Breakout: Linear Models and Generalized Linear Models

Here we'll get a bit of practice constructing and fitting models to data.


In [ ]:
from __future__ import print_function, division

%matplotlib inline
import numpy as np
import matplotlib.pyplot as plt
import pandas as pd

# use seaborn plotting defaults
import seaborn as sns; sns.set()

1. Download and Clean the Data

Since we're in Oslo, let's take a look at daily temperatures measured in Oslo. I found this data at the following website (uncomment this code to download the data):


In [ ]:
# !curl -O http://academic.udayton.edu/kissock/http/Weather/gsod95-current/NOOSLO.txt
# !mv NOOSLO.txt data

We'll read it this way:


In [ ]:
data = pd.read_csv('data/NOOSLO.txt', delim_whitespace=True,
                   names=['month', 'day', 'year', 'degF'])
data.describe()

Cleaning the Data

Notice that there's some craziness going on here. First of all, some of the years seem to have been mis-typed as 200. We'll want to filter those out. Also, some of the temperatures are reported as -99. This is a common value used to indicate missing data. Let's remove both of those and re-check the data description:


In [ ]:
# Filter bad years
data = data[data.year > 200]

# Filter missing data
data = data[data.degF > -99]

data.describe()

Looks much better! The next thing we'll want to do is to combine the month, day, and year columns into a single date index. We'll do this using Pandas to_datetime functionality:


In [ ]:
# Create a date index
YMD = 10000 * data.year + 100 * data.month + data.day
data.index = pd.to_datetime(YMD, format='%Y%m%d').astype('datetime64[ns]')
data.head()

2. Inspect and visualize the data

  • convert the fahrenheit measurement to centigrade, and add a new column with this value
  • use the dataframe's plot() method to plot the temperature with time
  • add a column to the dataframe which contains the day of the year (from 0 to 365). You can use the data.index.dayofyear attribute.
  • scatter-plot the day of year vs the temperature.

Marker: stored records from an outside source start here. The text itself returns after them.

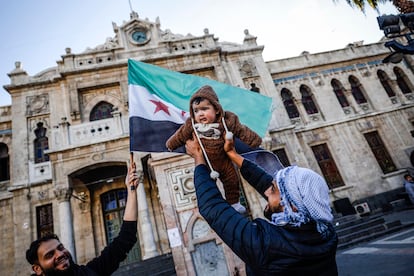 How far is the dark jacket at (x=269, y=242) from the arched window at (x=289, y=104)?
1377cm

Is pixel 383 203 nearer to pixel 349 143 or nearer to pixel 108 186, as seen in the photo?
pixel 349 143

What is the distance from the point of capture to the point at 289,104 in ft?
47.2

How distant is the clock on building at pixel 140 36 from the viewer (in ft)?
46.9

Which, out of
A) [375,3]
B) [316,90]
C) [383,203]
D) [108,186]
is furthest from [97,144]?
[383,203]

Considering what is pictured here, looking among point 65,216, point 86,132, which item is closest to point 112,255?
point 65,216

3. Simple model: Line of Best-fit

Here we'll practice doing a simple model, even though it will not fit our data well: fit a line of best-fit to the data with the following model:

$$ y(x) = \theta_0 + \theta_1 x $$

You can use a cost function of your choice (squared deviation is the best motivated) and use either the scipy minimization or the matrix algebra formalism.

Once you've computed the best model, plot this fit over the original data. Note that the best possible fit with this model is not very good – the model is highly biased!

4. More Complex model: sum of sinusoids

Let's try a more complex model fit to our data. The data looks like it's sinusoidal, so we can fit a model that looks like this:

$$ y(x) = \theta_0 + \theta_1 \sin \left(\frac{2\pi x}{365}\right) + \theta_2 \cos\left(\frac{2\pi x}{365}\right) $$

Note that this is still a linear model (i.e. Linear in the model parameters $\theta$), so it can also be solved via either iterative minimization, or via matrix methods.

What we've done above is a simple model to fit the annual temperature trends. Here we'll ask how the temperature varied from year to year.

  • add a column to the data with the de-trended temperature (that is, the true temperature minus the seasonal model from above)
  • from the index, compute the total number of days since the beginning of the dataset at each point (hint: try converting the dates to integer type: this will give you the time in nanoseconds)
  • fit a linear model to the detrended data over the entire period. What slope do you see?
  • How many degrees per year change does this slope correspond to?

6. Thinking about the model & the fit

It's important to think about the assumptions that we put into our models. Out of the three assumptions we mentioned in the lecture, which ones hold for this dataset? Which ones are probably suspect?

7. Bonus: Fitting the model all at once

Parts 2 and 3 were approached as two separate steps, but it's possible to build a single linear model which encompasses both a seasonal variation and an annual trend. See if you can find the above temperature slope in a single step!